Einfach alles machen zu können im Fernsehen war vermutlich auch das Motto bei „Alles Nichts Oder?!“. Das ist schon Anarchie gewesen, oder?
Balder: Das war Anarchie. Absolut.
Gibt es noch Anarchie im Fernsehen?
Balder: Wenn ich was mache schon, ja. Ich würde am liebsten nur Anarchie machen. „Genial daneben“ ist genauso Anarchie. Sieben Jahre habe ich gebraucht, bis ich das Ding verkauft habe, weil mir alle gesagt haben: „Das geht nicht! Das kannst du nicht machen, du kannst nicht Leute unvorbereitet da reinsetzen, die einfach nur improvisieren. Das muss geschrieben werden! Die Antworten müssen geschrieben werden!“
Ich meinte nur: “Warum denn? Dann ist es doch nicht mehr echt, was soll denn der Quatsch?“ – Na klar, Anarchie. Wäre schön, wenn sie mal wieder kommen würde. Also, ich wäre sofort dabei.

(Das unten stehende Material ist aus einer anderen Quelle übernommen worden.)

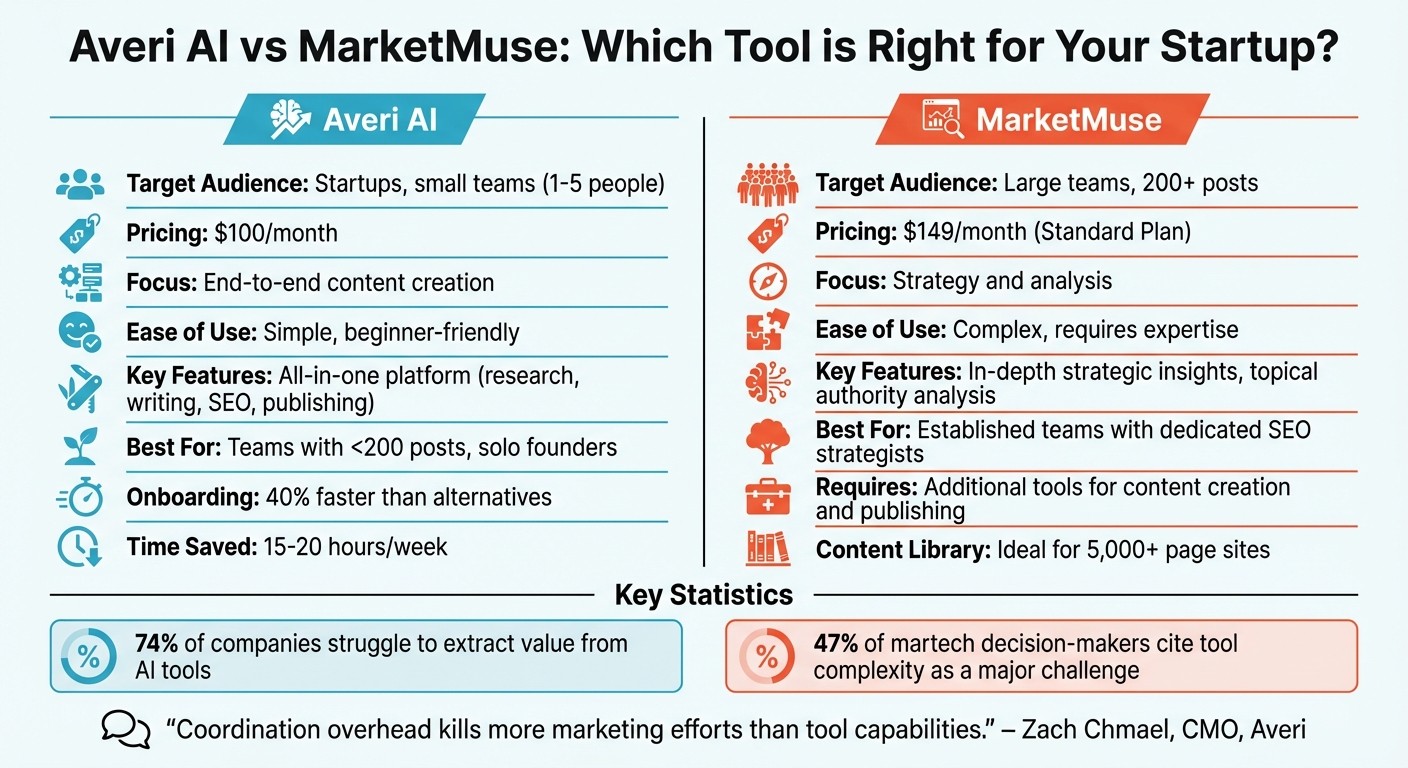 Averi AI vs MarketMuse: Feature Comparison for Startups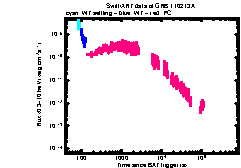 XRT Light curve of GRB 110213A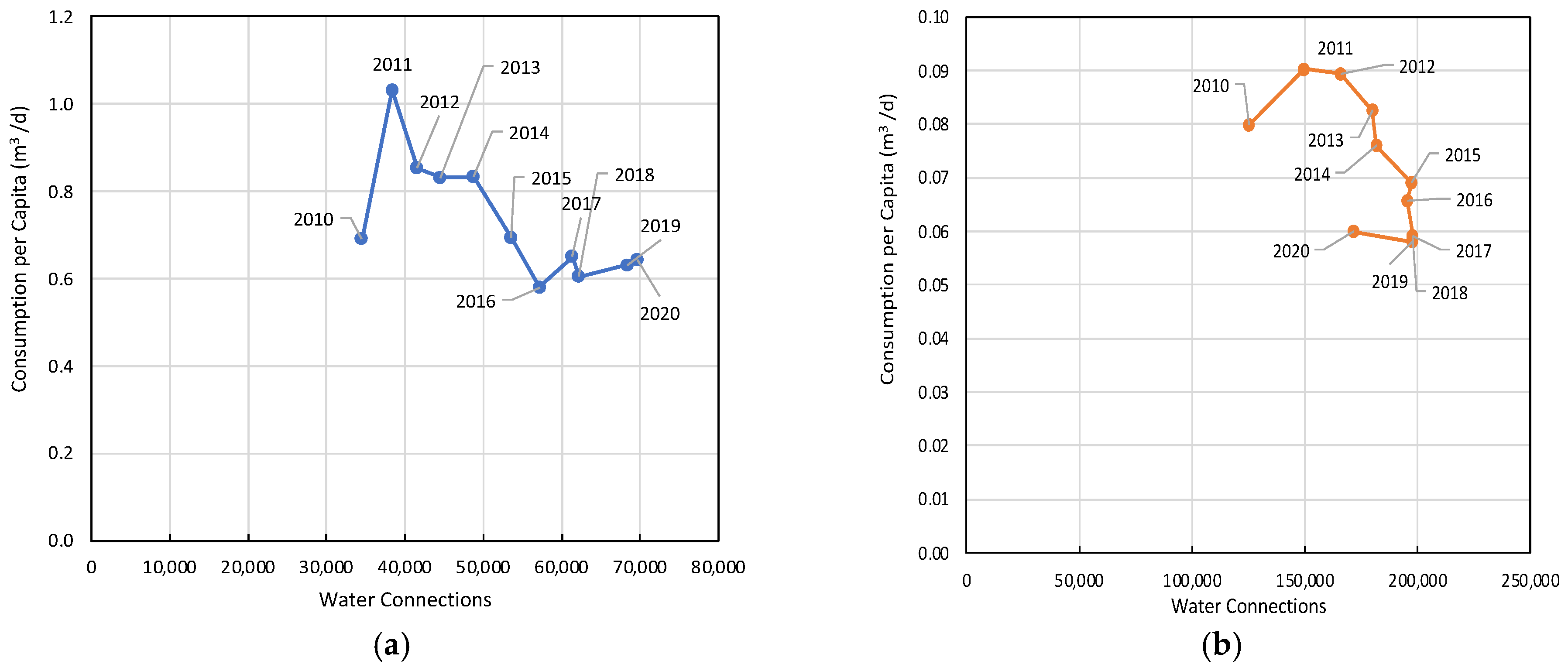 Sustainability 14 05386 g007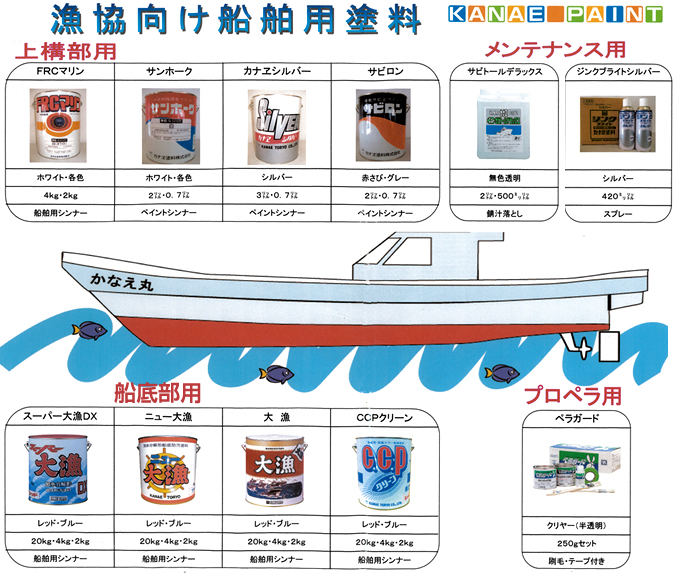 カナエ塗料 ボート用品 船具 艤装品専門ショップ せんぐ屋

Ohne Gagbuch wie bei „Genial daneben“ spontan zu agieren, funktioniert das denn nur mit Gästen oder Comedians, die die Improvisation gewohnt sind?
Balder: Ja. Wir hatten ja einige Leute eingeladen, wo ich gemerkt habe: Das geht nicht. Die fühlen sich dann auch nicht wohl. Außer vielleicht ein Horst Lichter, der ist zwar kein Comedian, trotzdem so was von schlagfertig, alles wunderbar.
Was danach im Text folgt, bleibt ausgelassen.